[WHAT THE EXERCISE ASKS] Reproduce exactly the lines of this material that begin at the line with "交口掌握技巧，轻松完成代办住房公积金提取流程" and end at the line with "Omslag Kaldt blod", both included. Omit the pictures and everything else.

[DATA TO PROCESS]
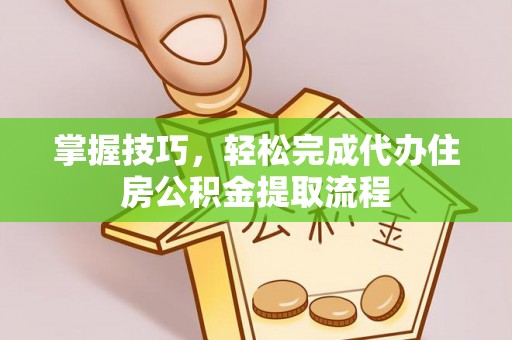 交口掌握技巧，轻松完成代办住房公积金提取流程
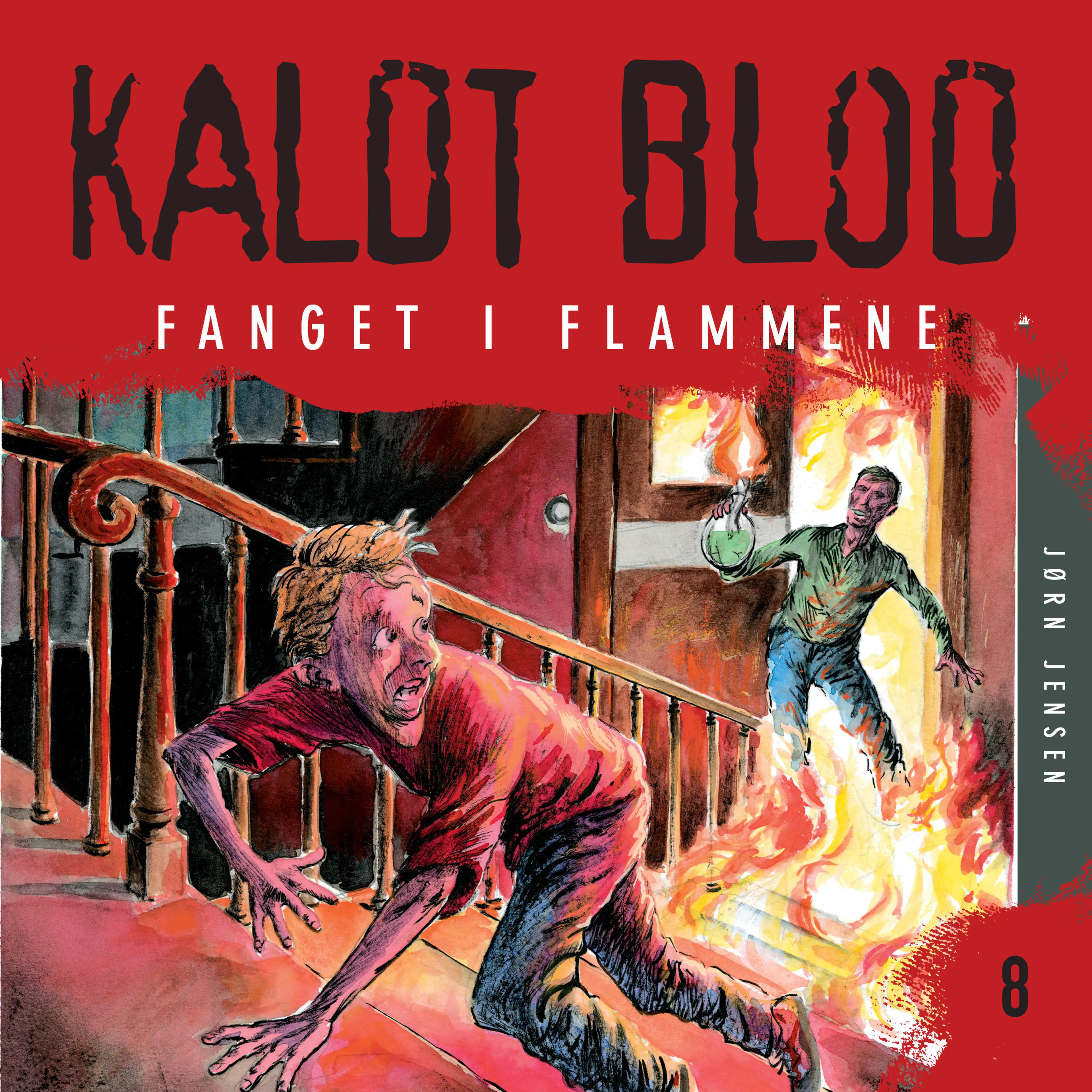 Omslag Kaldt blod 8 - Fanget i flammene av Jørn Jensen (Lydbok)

--

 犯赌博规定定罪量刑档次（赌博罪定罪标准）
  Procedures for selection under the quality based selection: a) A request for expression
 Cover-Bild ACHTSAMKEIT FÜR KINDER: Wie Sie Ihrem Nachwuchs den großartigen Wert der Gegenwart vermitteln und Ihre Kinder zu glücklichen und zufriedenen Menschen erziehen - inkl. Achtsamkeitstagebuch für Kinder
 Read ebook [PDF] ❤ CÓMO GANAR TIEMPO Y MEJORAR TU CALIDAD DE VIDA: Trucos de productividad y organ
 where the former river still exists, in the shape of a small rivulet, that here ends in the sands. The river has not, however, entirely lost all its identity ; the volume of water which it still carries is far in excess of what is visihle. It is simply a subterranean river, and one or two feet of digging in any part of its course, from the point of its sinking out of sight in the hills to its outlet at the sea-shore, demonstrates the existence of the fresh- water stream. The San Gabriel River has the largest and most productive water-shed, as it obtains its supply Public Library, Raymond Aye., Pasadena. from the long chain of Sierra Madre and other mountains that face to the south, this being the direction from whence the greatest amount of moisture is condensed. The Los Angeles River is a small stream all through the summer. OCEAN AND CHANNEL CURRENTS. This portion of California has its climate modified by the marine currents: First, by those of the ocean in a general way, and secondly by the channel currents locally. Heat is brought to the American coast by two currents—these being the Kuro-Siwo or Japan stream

--

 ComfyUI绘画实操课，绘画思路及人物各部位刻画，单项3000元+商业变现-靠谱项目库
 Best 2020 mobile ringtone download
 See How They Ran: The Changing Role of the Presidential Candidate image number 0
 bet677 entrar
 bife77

[EXERCISE SOLUTION]
 交口掌握技巧，轻松完成代办住房公积金提取流程
 Omslag Kaldt blod 8 - Fanget i flammene av Jørn Jensen (Lydbok)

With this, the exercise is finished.